→ Activity
Copy all data exactly. Skip pictures.

→ Extracted material
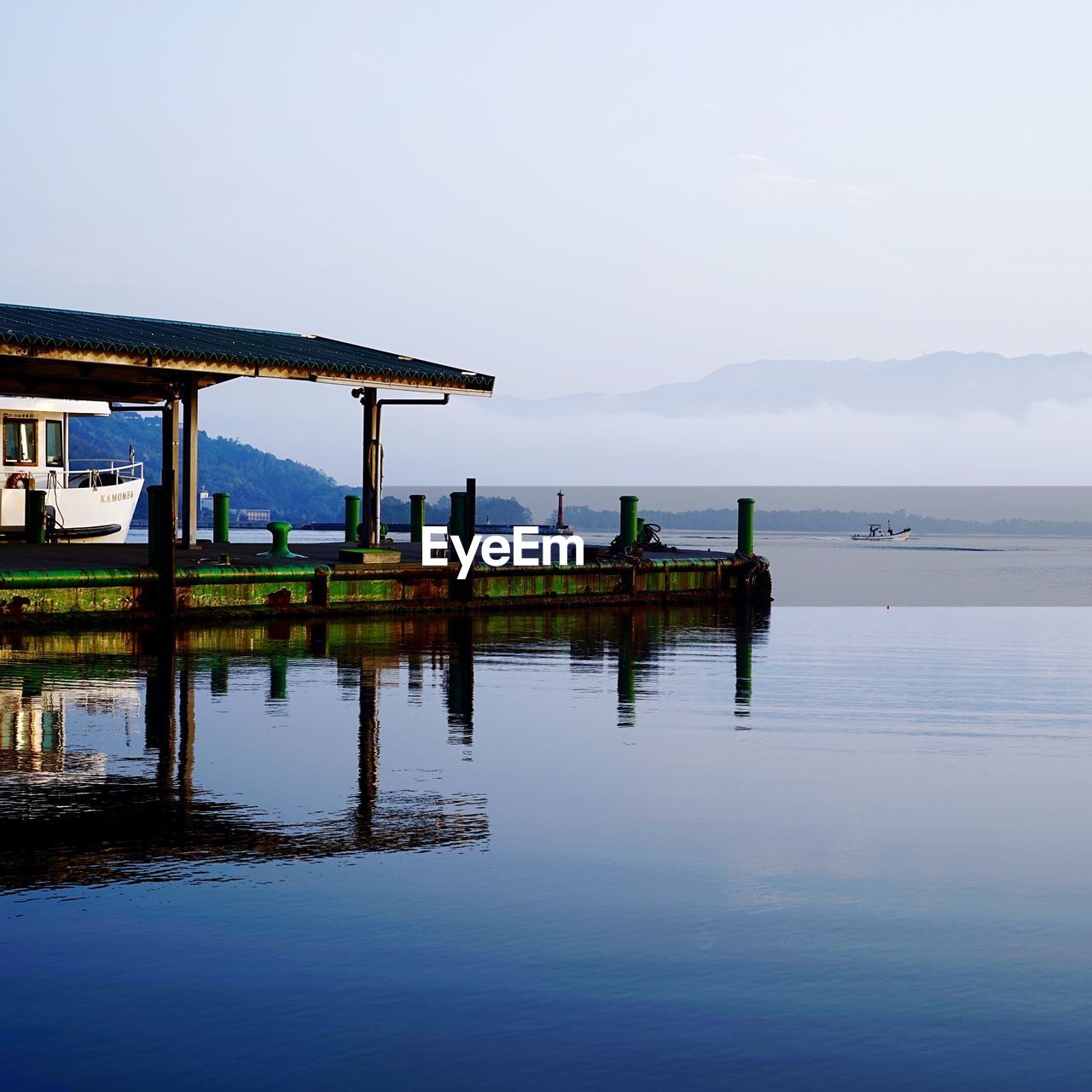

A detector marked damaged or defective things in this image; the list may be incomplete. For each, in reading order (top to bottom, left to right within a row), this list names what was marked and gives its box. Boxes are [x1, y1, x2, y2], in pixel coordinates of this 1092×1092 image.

rusty dock edge [0, 559, 773, 629]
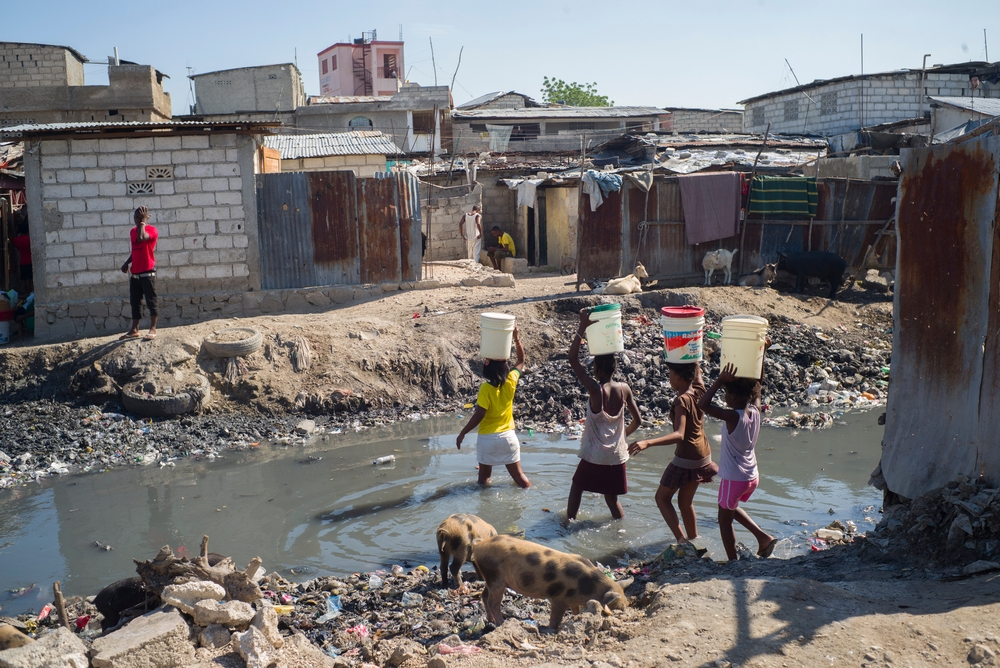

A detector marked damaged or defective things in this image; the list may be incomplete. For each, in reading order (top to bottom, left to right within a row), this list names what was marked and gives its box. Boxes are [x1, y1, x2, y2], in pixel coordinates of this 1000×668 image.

rusted metal sheet [358, 176, 400, 284]
rusted metal sheet [576, 189, 620, 280]
rusted metal sheet [884, 136, 1000, 498]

→ Your solution
A detector marked damaged or defective things in this image; the list may be incomplete. For each, in reading order (top to bottom, left to right within a row), this list names what was marked and gives its box. Boxes are [x1, y1, x2, y2], in pixel coordinates of this 1092×1092 image.

rusty dock edge [0, 559, 773, 629]

A detector marked damaged or defective things in this image; the list may be incomplete. For each, in reading order (top to bottom, left to right within a row), this list names what was marked and gives its box. Boxes are [x1, y1, x2, y2], in pixel coordinates of this 1000×668 image.

rusted metal sheet [358, 176, 400, 284]
rusted metal sheet [576, 189, 620, 280]
rusted metal sheet [884, 136, 1000, 498]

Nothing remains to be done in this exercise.